The title story is possibly the strongest with revelations coming thick
and fast from a very unlikely mix of characters, with more twists and
turns than a bucket of vipers - and just as dangerous.
Throughout, Tom explores in his tales the curse of the Irish emigrant,
'you can never go back', that once exiled, Irishmen and women find that they haven't settled properly in exile and find home too strange to feel 'at
Finding employment as casual subbies in England, working to drink and
gambling on anything that moved and generally living as outlaws looking
over their shoulders, and adopting transient lifestyles describes the
themes of the other stories; of Blondie and Johnjo and their colourful
antics plaited in with their regrets and longing for home.
The Homecoming combines the harsh realities of life in olden days with
poignant naivety and vulnerability.
Brendan Behan's women is set initially in New York, and allows us to
peep into Tom's version of the man in his latter days, belligerent,
blocked and broke. This tale depicts the writer in strife when his two
worlds collide; his wife and his mistress. An almost comic element in
this story is the fact that both women are pregnant with his babies,
after years of barrenness in his marriage.
Tom O'Brien's autobiographical book The Shiny Red Honda is a witty blend of nostalgia, humour and hard-necked survivalism set in rural Ireland in the mid 20th century.
Tricks and games, and childish and often crude attempts to grow into the weird world of the fervently Catholic Irish community as a youngster describes the author's early story through the school years.
Volatile school-teachers instil a variety of traits and learned tactics for both appeasing and anatagoning all and sundry, and the relationship between Church, school and home are intimately close and often merged.
As a boy in the country, O'Brien gives us splendid insights into the natural world through his observations of wild animals and the subtle effects of the seasons on his immediate environment.
Looming beyond his homestead, the constantly changing view of the Comeragh mountains is something Tom refers to and takes us on a tour with him. The rural lifestyle demanded hard work and struggles to make ends meet.
A wonderful story about a pig being readied for the chop - so to speak - results in an unusual way of finding the bacon.

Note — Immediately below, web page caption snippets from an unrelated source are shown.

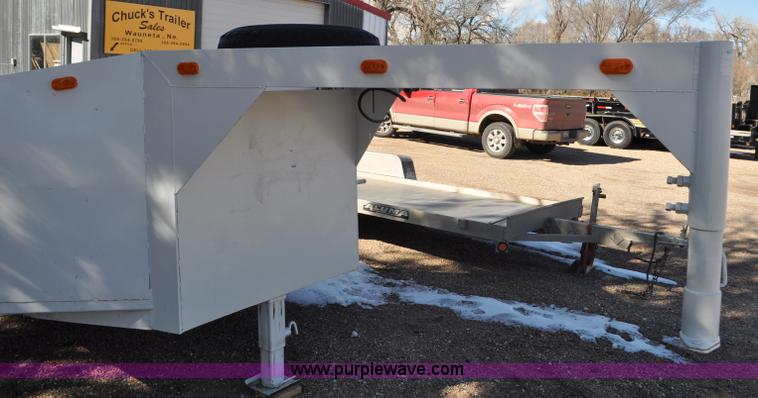 image for item G6423 1990 Shopbuilt gooseneck trailer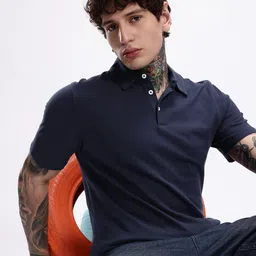 Kook N Keech Men Polo Collar Pure Cotton T-shirt-picture-33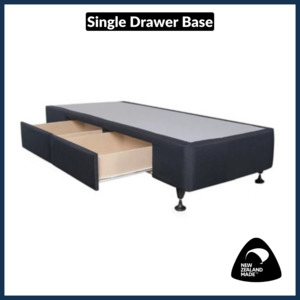 Extra Deep Drawer Bed Base Size - Single (NZ Made)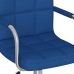 Silla de oficina giratoria de tela azul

Other amusing stories revolved around his places of work, and also the local dances in search of female companionship and enlightenment into the mysteries of love.
His time with the Royal Dukes band holds many stories of young men chancing their arms to succeed.
Altogether a feel-good story, told in the amusing O'Brien way with a twinkle in the eye; a story of its time realistically delivered without rose-tinted glasses and fairy dust.